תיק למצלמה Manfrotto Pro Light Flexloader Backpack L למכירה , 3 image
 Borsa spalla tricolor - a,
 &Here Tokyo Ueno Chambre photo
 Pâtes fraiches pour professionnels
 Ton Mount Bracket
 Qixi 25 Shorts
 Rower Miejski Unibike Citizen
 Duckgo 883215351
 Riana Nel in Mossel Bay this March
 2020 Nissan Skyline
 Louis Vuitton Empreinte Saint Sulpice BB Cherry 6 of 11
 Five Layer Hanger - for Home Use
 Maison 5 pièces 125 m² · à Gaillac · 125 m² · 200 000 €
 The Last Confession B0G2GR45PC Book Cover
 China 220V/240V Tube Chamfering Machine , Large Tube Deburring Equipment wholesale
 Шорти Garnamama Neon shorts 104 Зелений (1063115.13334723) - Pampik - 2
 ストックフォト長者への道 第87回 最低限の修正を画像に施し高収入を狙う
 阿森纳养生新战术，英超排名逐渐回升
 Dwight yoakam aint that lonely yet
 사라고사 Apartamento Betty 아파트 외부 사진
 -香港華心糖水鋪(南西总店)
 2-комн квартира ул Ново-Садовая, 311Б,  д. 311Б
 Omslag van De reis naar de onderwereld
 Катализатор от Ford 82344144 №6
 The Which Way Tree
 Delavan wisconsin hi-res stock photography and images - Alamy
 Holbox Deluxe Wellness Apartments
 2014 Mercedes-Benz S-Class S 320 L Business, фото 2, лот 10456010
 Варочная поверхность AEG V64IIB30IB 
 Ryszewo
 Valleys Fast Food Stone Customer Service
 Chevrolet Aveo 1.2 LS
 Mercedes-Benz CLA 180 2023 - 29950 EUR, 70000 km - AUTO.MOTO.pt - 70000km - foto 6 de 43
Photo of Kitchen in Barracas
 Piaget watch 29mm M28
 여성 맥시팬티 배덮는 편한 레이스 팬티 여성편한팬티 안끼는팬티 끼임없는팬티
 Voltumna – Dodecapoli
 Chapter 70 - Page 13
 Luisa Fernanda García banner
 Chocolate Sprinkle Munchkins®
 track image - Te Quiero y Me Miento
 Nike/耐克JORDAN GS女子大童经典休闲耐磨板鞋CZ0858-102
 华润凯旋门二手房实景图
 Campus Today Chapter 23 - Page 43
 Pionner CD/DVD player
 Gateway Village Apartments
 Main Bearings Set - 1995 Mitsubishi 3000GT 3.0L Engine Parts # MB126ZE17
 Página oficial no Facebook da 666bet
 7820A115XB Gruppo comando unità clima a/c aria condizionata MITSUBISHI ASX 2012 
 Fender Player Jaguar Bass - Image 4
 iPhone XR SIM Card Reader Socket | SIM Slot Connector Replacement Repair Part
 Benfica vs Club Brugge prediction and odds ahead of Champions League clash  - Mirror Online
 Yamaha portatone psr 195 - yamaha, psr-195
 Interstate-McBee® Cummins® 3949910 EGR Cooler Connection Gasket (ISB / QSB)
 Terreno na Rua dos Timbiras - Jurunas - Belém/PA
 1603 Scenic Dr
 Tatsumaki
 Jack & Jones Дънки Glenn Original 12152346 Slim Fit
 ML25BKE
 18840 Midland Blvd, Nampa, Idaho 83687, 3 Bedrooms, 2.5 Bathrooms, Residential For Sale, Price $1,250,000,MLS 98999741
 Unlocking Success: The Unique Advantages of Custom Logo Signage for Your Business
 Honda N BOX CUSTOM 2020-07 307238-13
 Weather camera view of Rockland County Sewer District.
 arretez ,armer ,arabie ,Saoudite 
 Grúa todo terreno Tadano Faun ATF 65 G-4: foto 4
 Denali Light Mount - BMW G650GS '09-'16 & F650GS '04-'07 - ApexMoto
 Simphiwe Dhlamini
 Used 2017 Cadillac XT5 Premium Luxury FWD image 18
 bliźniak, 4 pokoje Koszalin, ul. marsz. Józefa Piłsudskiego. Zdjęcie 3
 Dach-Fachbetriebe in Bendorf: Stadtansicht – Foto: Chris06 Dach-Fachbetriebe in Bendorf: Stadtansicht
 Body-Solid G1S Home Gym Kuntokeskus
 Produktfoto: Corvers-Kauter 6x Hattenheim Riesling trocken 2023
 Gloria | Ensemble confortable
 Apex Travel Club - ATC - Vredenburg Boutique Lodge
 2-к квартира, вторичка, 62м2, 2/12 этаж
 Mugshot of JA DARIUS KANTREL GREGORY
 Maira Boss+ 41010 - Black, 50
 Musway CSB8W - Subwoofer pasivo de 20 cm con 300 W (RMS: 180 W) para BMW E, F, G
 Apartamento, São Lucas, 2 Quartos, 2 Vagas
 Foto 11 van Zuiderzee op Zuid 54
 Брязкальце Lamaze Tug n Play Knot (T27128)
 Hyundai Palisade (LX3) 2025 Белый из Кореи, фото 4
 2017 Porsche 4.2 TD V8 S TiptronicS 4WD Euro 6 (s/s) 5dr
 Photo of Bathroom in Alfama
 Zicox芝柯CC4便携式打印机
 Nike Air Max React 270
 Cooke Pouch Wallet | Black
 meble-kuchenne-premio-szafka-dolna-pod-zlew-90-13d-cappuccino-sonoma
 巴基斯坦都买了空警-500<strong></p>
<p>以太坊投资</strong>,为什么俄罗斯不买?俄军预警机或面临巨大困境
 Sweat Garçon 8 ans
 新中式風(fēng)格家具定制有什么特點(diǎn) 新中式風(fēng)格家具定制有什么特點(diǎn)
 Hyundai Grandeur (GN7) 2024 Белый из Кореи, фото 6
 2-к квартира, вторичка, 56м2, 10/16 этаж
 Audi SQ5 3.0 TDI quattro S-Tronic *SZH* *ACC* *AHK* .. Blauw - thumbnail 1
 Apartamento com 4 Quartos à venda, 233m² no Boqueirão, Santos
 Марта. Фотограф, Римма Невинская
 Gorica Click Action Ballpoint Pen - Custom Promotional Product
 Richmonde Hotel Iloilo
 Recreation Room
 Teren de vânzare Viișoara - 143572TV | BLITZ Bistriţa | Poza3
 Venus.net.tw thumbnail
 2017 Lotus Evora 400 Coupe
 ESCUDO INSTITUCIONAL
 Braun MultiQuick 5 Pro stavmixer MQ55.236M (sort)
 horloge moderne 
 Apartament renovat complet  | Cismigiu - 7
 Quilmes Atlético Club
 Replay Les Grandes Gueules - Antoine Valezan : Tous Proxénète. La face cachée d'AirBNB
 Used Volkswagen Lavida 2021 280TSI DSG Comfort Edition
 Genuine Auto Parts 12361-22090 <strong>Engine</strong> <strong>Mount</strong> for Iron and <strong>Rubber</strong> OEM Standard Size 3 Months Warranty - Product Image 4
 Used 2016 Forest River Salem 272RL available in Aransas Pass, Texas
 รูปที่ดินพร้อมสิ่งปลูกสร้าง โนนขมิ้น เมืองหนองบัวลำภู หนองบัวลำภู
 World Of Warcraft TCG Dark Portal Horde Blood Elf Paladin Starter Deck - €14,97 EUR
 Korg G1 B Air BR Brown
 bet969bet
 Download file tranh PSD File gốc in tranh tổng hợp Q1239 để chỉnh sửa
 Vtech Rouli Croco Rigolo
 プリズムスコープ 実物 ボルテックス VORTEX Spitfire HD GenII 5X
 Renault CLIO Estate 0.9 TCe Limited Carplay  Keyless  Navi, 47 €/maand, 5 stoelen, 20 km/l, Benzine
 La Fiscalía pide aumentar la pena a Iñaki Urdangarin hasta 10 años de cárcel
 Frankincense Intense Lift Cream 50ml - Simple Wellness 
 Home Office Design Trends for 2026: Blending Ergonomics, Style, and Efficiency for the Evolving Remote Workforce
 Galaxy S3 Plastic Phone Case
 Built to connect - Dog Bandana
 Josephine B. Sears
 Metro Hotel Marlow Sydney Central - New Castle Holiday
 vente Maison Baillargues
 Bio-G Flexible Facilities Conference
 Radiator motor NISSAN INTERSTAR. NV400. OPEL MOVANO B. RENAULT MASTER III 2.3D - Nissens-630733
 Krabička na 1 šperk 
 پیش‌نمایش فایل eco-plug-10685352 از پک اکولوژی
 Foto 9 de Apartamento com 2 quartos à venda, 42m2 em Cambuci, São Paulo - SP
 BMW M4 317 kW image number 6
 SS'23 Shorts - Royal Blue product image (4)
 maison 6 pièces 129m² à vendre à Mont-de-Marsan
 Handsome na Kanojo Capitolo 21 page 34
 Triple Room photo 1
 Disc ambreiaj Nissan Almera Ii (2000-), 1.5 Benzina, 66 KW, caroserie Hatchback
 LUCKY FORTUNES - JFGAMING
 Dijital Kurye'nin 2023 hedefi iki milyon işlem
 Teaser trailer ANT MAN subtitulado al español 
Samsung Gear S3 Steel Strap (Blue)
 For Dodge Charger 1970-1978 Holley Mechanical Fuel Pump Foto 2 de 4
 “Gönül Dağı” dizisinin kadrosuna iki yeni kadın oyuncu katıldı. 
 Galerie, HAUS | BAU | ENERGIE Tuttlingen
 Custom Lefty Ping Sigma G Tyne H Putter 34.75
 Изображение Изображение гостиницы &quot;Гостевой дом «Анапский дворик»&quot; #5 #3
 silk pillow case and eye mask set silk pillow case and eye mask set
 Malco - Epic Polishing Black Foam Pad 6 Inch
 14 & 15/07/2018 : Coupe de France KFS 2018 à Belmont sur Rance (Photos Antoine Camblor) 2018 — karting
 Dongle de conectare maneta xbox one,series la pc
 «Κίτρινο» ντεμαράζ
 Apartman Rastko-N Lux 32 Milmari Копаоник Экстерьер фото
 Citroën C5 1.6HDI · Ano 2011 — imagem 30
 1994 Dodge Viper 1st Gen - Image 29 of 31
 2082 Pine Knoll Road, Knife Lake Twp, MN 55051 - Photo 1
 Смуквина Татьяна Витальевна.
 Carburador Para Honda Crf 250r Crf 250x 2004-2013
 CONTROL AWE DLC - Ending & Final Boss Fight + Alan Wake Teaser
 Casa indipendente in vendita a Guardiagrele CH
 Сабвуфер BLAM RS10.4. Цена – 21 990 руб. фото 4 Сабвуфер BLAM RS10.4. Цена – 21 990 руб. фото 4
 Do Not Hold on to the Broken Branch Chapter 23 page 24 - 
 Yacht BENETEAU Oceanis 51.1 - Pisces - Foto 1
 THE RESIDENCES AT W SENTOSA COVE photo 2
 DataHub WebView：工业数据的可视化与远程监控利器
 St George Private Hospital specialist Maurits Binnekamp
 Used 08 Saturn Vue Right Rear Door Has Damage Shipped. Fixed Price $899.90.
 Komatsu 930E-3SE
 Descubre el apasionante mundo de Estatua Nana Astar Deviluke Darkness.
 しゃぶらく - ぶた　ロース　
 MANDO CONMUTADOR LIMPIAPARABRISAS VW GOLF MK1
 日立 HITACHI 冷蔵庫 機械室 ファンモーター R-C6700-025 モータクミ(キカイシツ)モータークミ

━━━━━━━━━━━━━━━━━━━━━━━━━━━━━━

Begin at the line that has "巴基斯坦都买了空警-500<strong></p>" in the entries above; stop after the line that has "Richmonde Hotel Iloilo". Transcribe exactly those lines and no others.

#### Exercise result
 巴基斯坦都买了空警-500<strong></p>
<p>以太坊投资</strong>,为什么俄罗斯不买?俄军预警机或面临巨大困境
 Sweat Garçon 8 ans
 新中式風(fēng)格家具定制有什么特點(diǎn) 新中式風(fēng)格家具定制有什么特點(diǎn)
 Hyundai Grandeur (GN7) 2024 Белый из Кореи, фото 6
 2-к квартира, вторичка, 56м2, 10/16 этаж
 Audi SQ5 3.0 TDI quattro S-Tronic *SZH* *ACC* *AHK* .. Blauw - thumbnail 1
 Apartamento com 4 Quartos à venda, 233m² no Boqueirão, Santos
 Марта. Фотограф, Римма Невинская
 Gorica Click Action Ballpoint Pen - Custom Promotional Product
 Richmonde Hotel Iloilo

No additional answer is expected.